His hands slid up my belly to just below my breasts. His thumb brushed over my already aching and hard nipples, and I couldn’t hold back the gasp as fire shot through me. Why was I letting him do this? Where was all the anger I’d felt for him for so long? I should have been repulsed, not turned on.
His lips tug on my earlobe. “Come home with me, Beth.”
Oh God, how I wanted to. I wanted to feel his hands on my body again. To feel him sliding in and out of me, making me come like I’d never come before. But I’d wanted so much from him before, and it hadn’t worked out. Back then, the only risk was my brother’s anger. Today, giving into Ash had even bigger risks. Too big to take risks.
He ground his dick against me, reminding me how large he was. “I’m dying to touch you again.”
I squeezed my eyes shut, like tha
t would help me make the best decision for me and my life.
“I’ll do it here and now, but I’d rather do it in my bed, where I’ve got the time and space, and privacy.”
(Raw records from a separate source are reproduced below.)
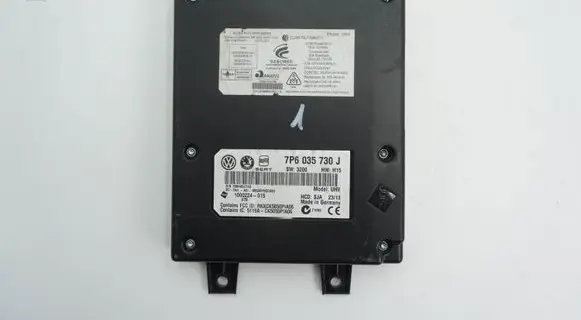 Volkswagen PASSAT B7 Bluetooth control unit module 7P6035730J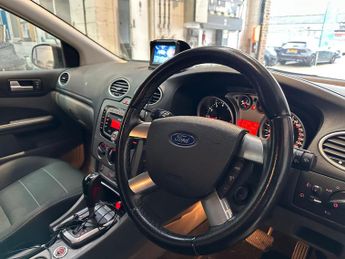 Ford Focus 1.6 Titanium 5dr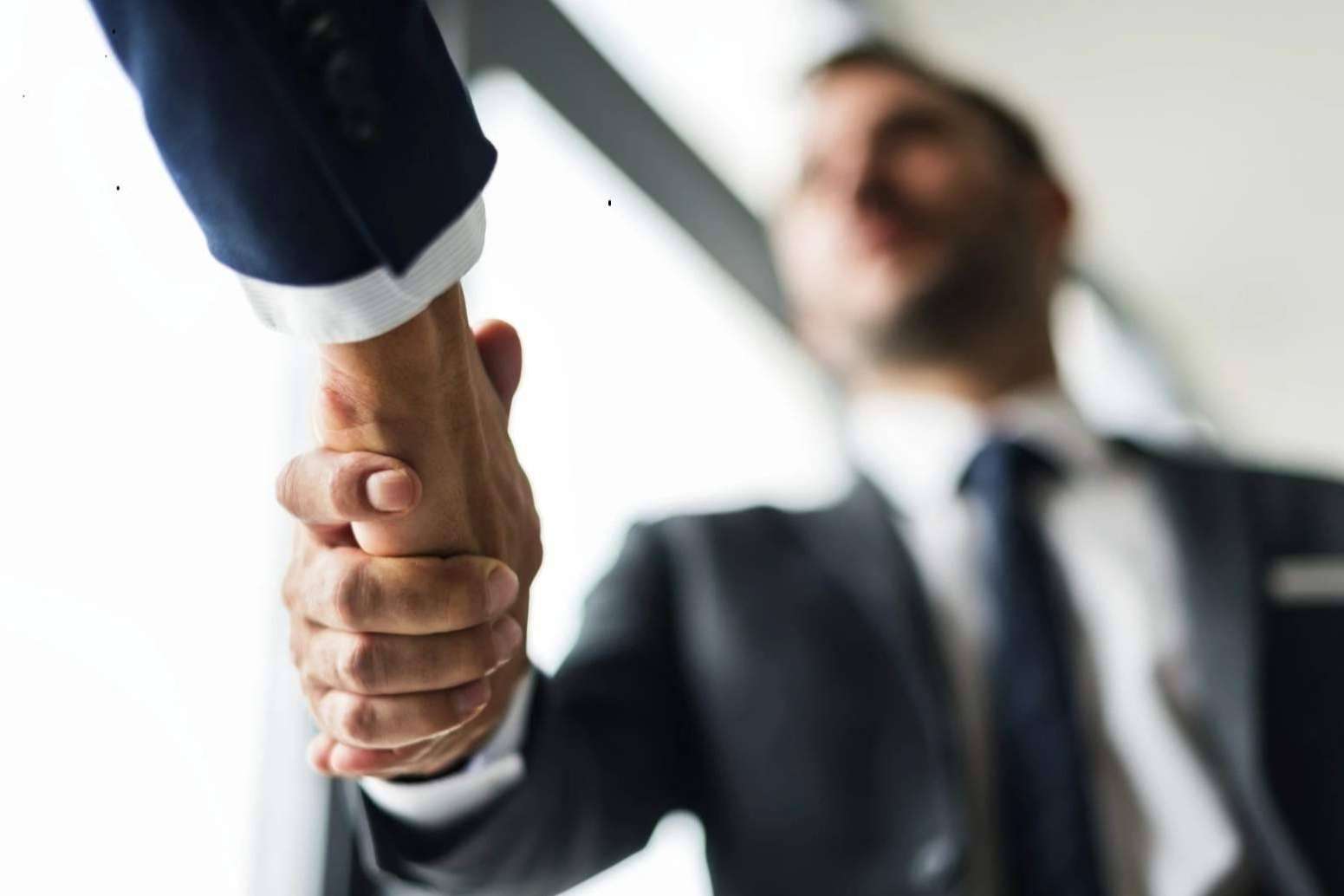 La solución en renting flexible de vehículos industriales llega con TransTel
My pussy was throbbing with need. It wanted me to take him up on his offer. My brain was screaming danger, danger. God, what should I do
“You’re all I’ve thought about all week.” His fingers continued to rub and tweak my nipples and his lips brushed against my neck. I couldn’t think.
“Won’t your girlfriend or wife be angry?” I couldn’t imagine him being single.
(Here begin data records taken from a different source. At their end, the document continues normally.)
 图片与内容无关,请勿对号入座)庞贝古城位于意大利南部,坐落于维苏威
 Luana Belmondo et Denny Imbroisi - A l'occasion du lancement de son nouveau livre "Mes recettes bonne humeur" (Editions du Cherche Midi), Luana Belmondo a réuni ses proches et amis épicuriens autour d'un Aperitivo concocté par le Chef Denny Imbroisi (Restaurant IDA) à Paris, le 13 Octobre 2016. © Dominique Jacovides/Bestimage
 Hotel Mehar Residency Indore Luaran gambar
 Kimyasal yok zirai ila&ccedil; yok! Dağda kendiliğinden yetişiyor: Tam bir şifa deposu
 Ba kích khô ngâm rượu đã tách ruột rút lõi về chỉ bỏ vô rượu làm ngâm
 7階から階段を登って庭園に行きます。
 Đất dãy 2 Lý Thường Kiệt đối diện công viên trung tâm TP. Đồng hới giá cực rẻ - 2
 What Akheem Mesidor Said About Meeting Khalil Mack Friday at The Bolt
“There’s no one, Beth. Just you.”
The romantic in me swooned, while the rational part of me tried to remind me that they were just words. Words that I was attaching too much meaning too.
“There was only ever you.”
Oh God, how could I fight against that? I turned to look into his eyes, wanting to be able to see the truth of what he was saying. Before I could get a good look, his lips were on mine again, his dick rubbing against my belly, and a fire was rushing through my bloodstream straight to my center. Warning bells went off in my brain, but I told them to shut up. It had been so long since I’d been held and touched and aroused. Six years was an eternity.
His hand gripped my ass, as he ground himself against me and groaned. “We need to go. Even in my own club, I could get arrested for indecency.”
My head was in a whirl as he led me out through the back and to an alley were a limo sat waiting. I didn’t know people used limos anymore, but I didn’t have time to ask about it before I was in the back, and Ash’s lips were on mine again.
“I have to touch you,” he said through a groan as he unzipped my dress, pulling the shoulders down and revealing my breasts spilling out of my bra. His tongue ran over the swells as he unclasped my bra. “You have fantastic tits.” He’d told me that the first time too.
He sucked my nipple into his mouth, and I swore I could feel it in my pussy. It ached with need, making me crazy. It was hard to concentrate, but I had to see him too. Somehow, I got the buttons of his shirt undone, and I was right, his chest was broader, harder, more sculpted.